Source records
◇ ◇ ◇ ◇ ◇ ◇ ◇

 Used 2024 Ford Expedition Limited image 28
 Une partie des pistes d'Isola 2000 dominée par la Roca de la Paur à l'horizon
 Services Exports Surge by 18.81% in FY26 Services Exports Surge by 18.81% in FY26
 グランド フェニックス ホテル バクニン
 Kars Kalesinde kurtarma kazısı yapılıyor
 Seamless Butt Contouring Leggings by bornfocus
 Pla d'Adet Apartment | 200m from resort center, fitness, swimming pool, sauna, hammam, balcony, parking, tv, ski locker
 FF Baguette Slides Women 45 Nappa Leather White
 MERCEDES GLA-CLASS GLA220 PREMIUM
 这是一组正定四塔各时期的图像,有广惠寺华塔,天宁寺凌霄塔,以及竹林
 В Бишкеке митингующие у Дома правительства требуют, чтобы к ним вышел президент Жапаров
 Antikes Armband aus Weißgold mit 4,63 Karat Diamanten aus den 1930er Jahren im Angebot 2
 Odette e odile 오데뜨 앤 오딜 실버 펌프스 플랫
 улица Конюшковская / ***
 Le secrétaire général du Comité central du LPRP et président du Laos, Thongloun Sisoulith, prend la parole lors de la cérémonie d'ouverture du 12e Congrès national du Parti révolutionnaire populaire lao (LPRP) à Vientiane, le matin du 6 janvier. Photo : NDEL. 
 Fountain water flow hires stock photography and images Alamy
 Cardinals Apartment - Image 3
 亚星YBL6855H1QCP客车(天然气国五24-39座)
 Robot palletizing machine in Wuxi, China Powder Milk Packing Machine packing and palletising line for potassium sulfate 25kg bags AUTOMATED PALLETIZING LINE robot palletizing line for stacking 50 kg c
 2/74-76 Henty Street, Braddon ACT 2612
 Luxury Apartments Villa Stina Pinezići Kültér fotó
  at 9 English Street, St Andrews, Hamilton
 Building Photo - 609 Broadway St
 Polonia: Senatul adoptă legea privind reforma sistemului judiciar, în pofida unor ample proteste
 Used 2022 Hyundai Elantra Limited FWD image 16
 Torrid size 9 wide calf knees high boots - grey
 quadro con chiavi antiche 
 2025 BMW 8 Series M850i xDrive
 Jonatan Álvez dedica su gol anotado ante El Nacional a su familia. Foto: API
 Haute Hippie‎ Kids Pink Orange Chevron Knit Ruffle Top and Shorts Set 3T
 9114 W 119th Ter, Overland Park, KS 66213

◇ ◇ ◇ ◇ ◇ ◇ ◇

→ **Task directions**:
The answer must be all the lines above that hold the word "Limited".

→ **Answer**:
 Used 2024 Ford Expedition Limited image 28
 Used 2022 Hyundai Elantra Limited FWD image 16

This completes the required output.